## [Exercise details]
Every line from the one containing "Geometric bar soap" to the end of the records below must be copied exactly, and no pictures may be included.
========================================
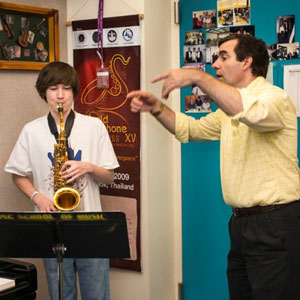 student playing saxophone with instructor directing
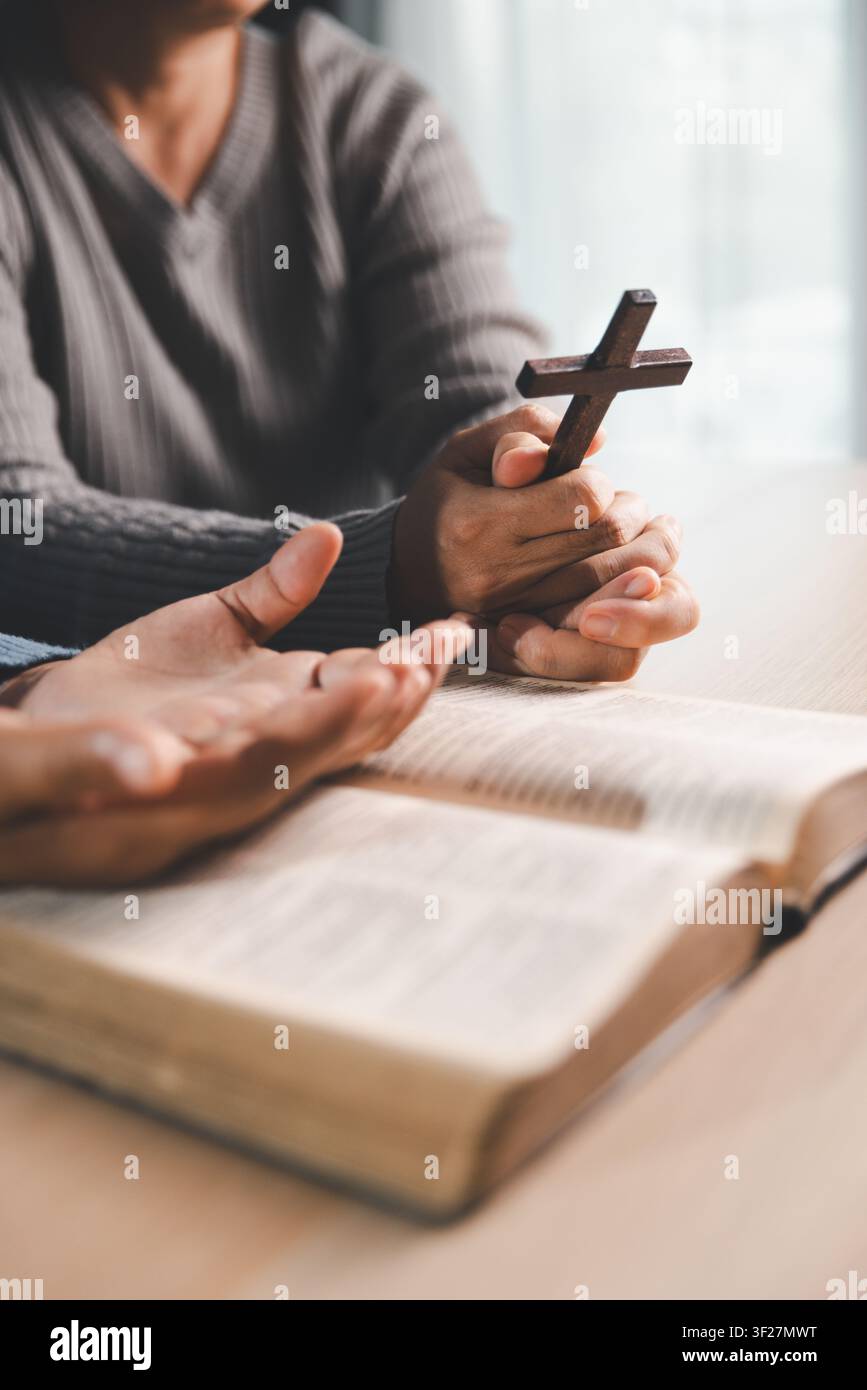 Personne tenant une croix en bois au-dessus d'une Bible ouverte avec une autre main ouverte en prière, foi chrétienne, bénédiction, adoration, soumission et concept d'espoir. Banque D'Images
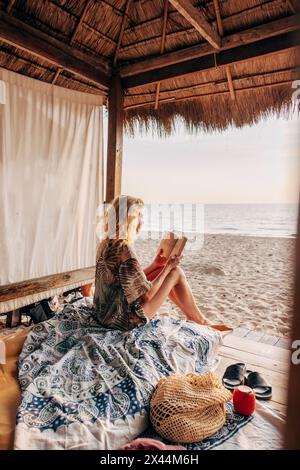 Woman reading book while sitting in cabana on vacation at beach Stock Photo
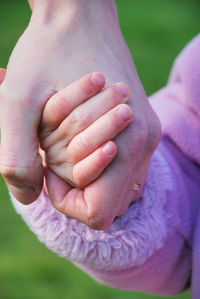 Close-up of clasped hands outdoors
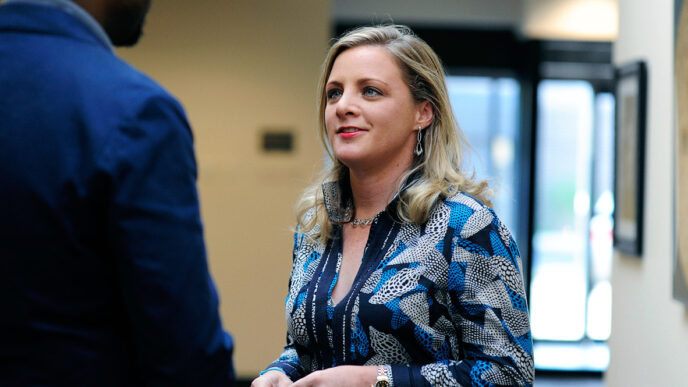 Randi Belisomo listens during a conversation in a hallway||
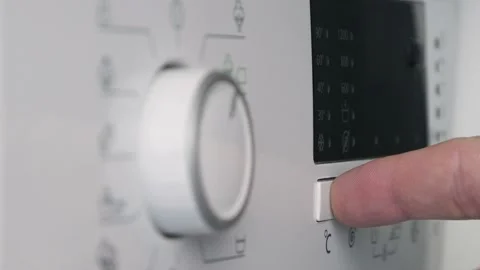 Close Up Shooting with a Hand Setting the Laundry Machine Function Mode.  動画素材 157858386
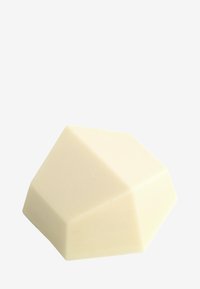 Geometric bar soap in ivory color, smooth texture with angled facets, featuring a multi-sided shape and minimalist design.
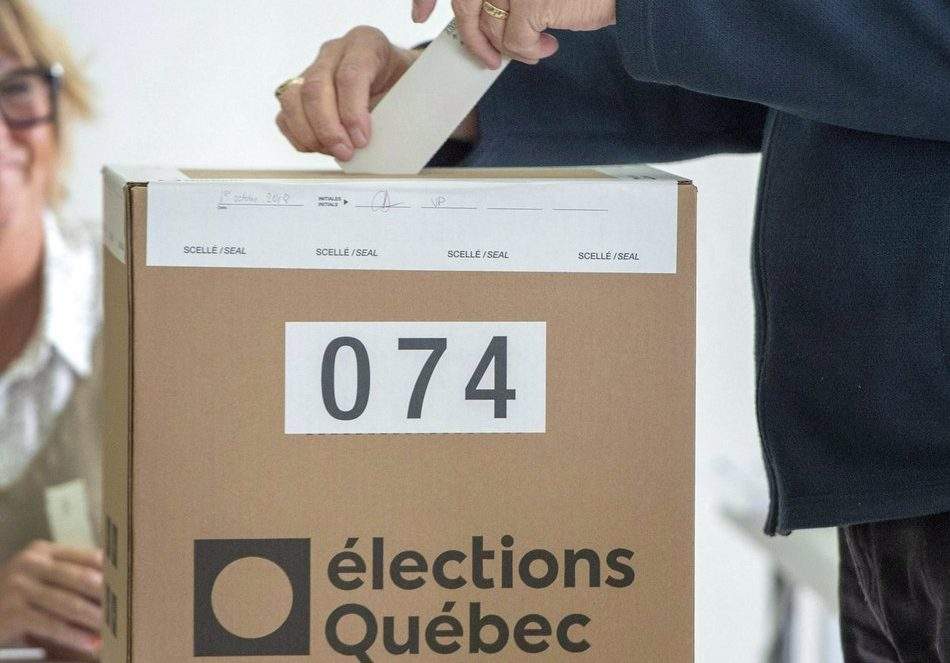A voter casts his ballot Monday, Oct. 1, 2018, in L'Assomption, Que., as Quebecers go to the polls in the provincial election.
========================================
## [Answer box]
 Geometric bar soap in ivory color, smooth texture with angled facets, featuring a multi-sided shape and minimalist design.
A voter casts his ballot Monday, Oct. 1, 2018, in L'Assomption, Que., as Quebecers go to the polls in the provincial election.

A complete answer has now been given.